3) The tax rebate / matching money (which was 20% of the dollars put in, up to a limit), goes back to the government if not spent on education-- that's fair.
4) The Accumulated income on both the match and your contributions, can be rolled into your retirement account, (if you have room), OR you can take it as cash. The Government takes 20% of it (their share of the growth of the money that they provided through the matching) and you pay income tax on the rest.
. . . .
For states that offer a tax benefit on 529's is your "penalty" in the event the child does not go to school so much different?
I really don't think 529s are that different.
1. We don't have a time limit. But we can change the beneficiary over to someone else with no tax consequences. So if DD doesn't need all that we have saved for her, I can redesignate her brother as the beneficiary -- or even myself, if I want to go take some college classes for fun in retirement.
2. This is true for 529s as well.

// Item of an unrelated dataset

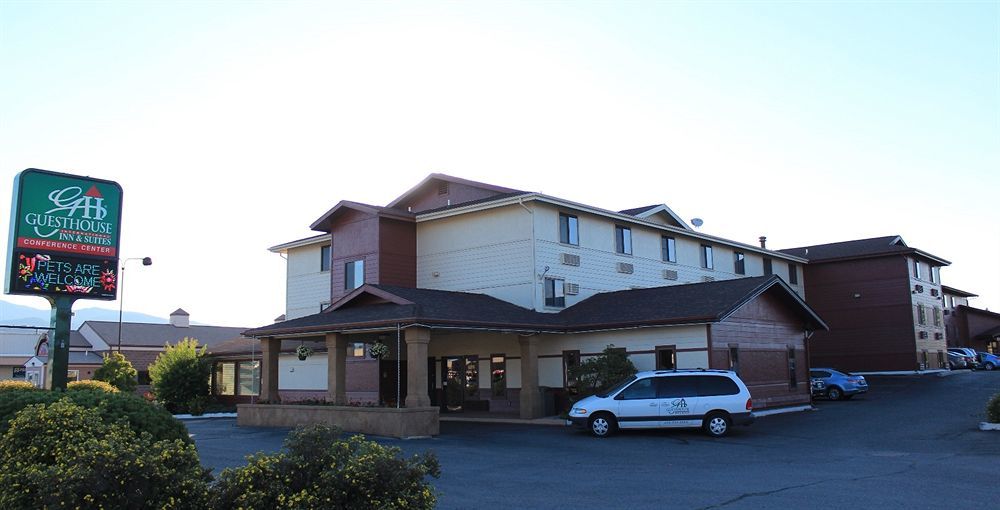 Fairbridge Inn, Suites & Conference Center - Міссула Екстер'єр фото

The "penalty" is limited to the growth in the account.
3. We don't have matching money. But the consequence of spending the money on non-educational expenses are (i) instead of taking out the money tax-free, you pay taxes on the growth in the account at your regular income tax rate, and (ii) you pay a 10% penalty on that same figure. That sounds fairly similar to your losing the 20% benefit the gov't provided (but would obviously be higher or lower depending on the individual's tax bracket). Note also the penalty (but not the tax) is waived if the beneficiary dies/becomes disabled, receives a scholarship, or attends a military academy.
4. We do not have the option to roll it into a retirement account, which would be awesome. Then again, our retirement accounts don't have lifetime maximums but do have annual contribution limits; I imagine allowing rollovers from a 529 into an IRA would trigger a lot of 529 contributions by the high-income folks to circumvent the annual 401(k)/IRA contribution caps.* However, the "take it in cash" option sounds very similar, as per 3 above.
I do not know what the individual state plans require, but I imagine they follow the same rules as the IRS, so the tax hit would be federal + state. Which makes sense, as in those states you get a state tax deduction in the year you contribute, so it's only fair you pay that back if you don't use the money for its intended purpose.
I think all of the hand-wringing about 529s tends to be overstated if you are in a state with a good plan. I get $10K in state tax deductions every year, plus that money grows tax-free (federal and state) in a low-fee index fund, plus my kids can then take out that money tax-free (federal and state) for a huge swath of educational expenses, including their rent and dining hall and laptop and such while they are at college. That is pretty close to the "triple tax-free" benefit that you get from an HSA (just missing the federal deduction for the initial contributions). Yet everyone here totally raves about HSAs, while 529s are largely scorned as too limited. I don't get it.
*There are caps on total $$ in a 529 between @$235-500K, but that's a significant chunk of change compared to the $5500/yr IRA limit.